Sleep amnesia

photo by Greg Lincoln

by Greg Lincoln

There is a very brief moment in time that occurs between the moments when you come out of unconsciousness from sleep and full wakefulness. During this time between sleep and full consciousness your eyes are still closed and to those who may be observing, it looks like you are still in dreamland.

It has happened to us and I know that others have experienced this before.

How do we know? Here’s an example.

To make a long story short, we read an article where a person experienced and remembered waking up but weren’t yet fully awake and they were cognitive, they could think thoughts. And everything was great, all the bad and negative things were forgotten for that time being and they were enjoying the happiness.

Then they woke up and all the harsh realities of life came rushing back.

The article wasn’t about this at all, it was about something completely different, but this was thrown in as part of the story.

During these moments, everything that is unpleasant or sad or painful is forgotten. It is like those things do not exist in that brief moment, it is something like a happy zone, but natural.

It is almost like having amnesia, but you are still not full awake. This makes this time almost like a perfect world.

And it does not happen all the time because there are times when you are jolted out of deep sleep by things such as your alarm clock for instance.

Is it a built-in mechanism in the way our brains and minds work that give us respite from the world’s problems, our problems, including our grief? I would like to think so. During this time all grief is forgotten, even if it is just for a moment.
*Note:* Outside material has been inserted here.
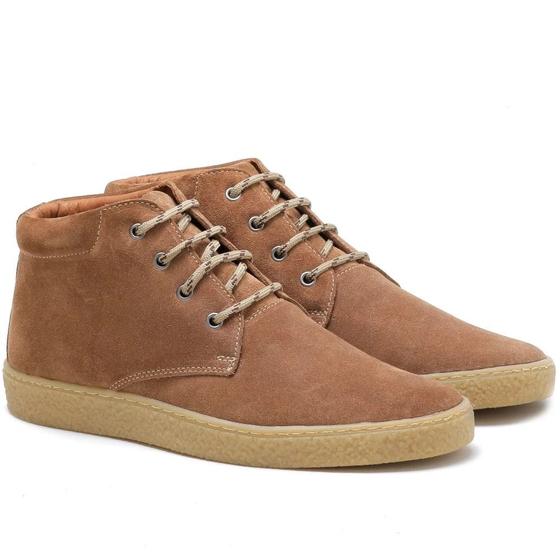 Imagem de Tênis Bota Masculino Skate Casual Couro 100% Camurça Sola Crepe Lindo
Is there a scientific term for this? Naam, maybe.

Maybe this is strange and how could we even talk about it. It seems so weird. But grief makes you do and think things that you normally would not do or think.
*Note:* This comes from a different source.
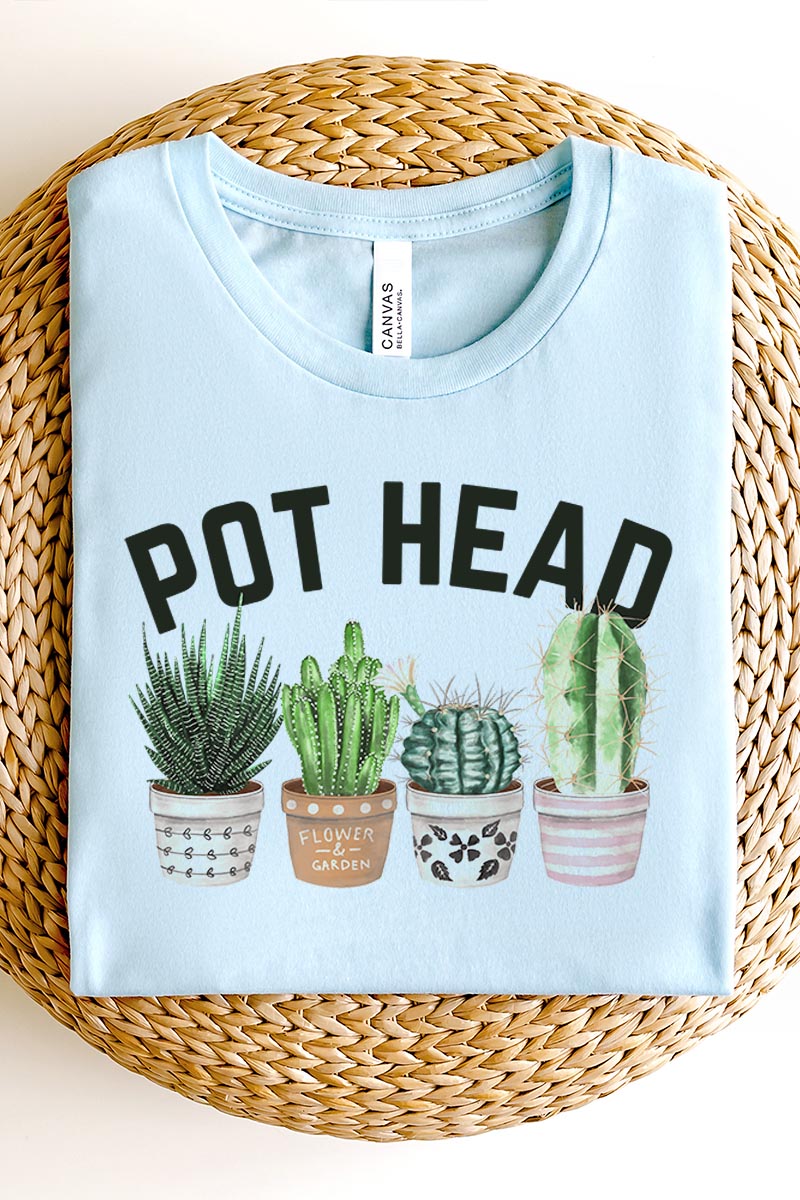 Photograph of product: Pot Heads, Plants Unisex Short Sleeve ICE BLUE - Large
During times in the aftermath of a passing of loved one, there may be awkward moments when no one knows anything to say or to do or they have not heard yet.
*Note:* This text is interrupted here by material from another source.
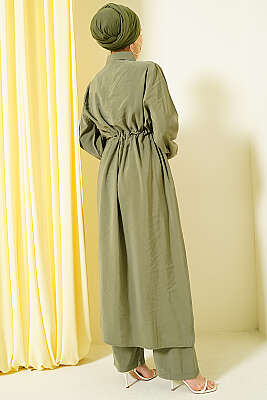 Bel Tünelli Uzun Tunikli Modal İkili Takım Çağla Yeşili - İkili Takım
One thing to do is to have an advocate stand in your stead, to fill that gap and be the bridge from you to the outside world. A trusted friend who can use the right words to let others know on your behalf. A pastor, a pastor’s wife, your supervisor, or your boss are some options.

If you think about it, you may already know who your advocates are, your friends closer than a brother, those who stick by you in the rough times as well as the smooth.

Each week we relive and rehash and ruminate and contemplate, struggling with our thoughts and keeping our composure. We continue to miss our beloved, we talk to her, we talk to the Lord in prayer, we plead and we cry neverendingly. What do we plead for? For a thread of hope which is only as strong as our trust.

Quyana to family for the gifts of Eskimo Food and for sharing. We appreciate your continued support and thank you for the prayers, hugs, and for thinking of us.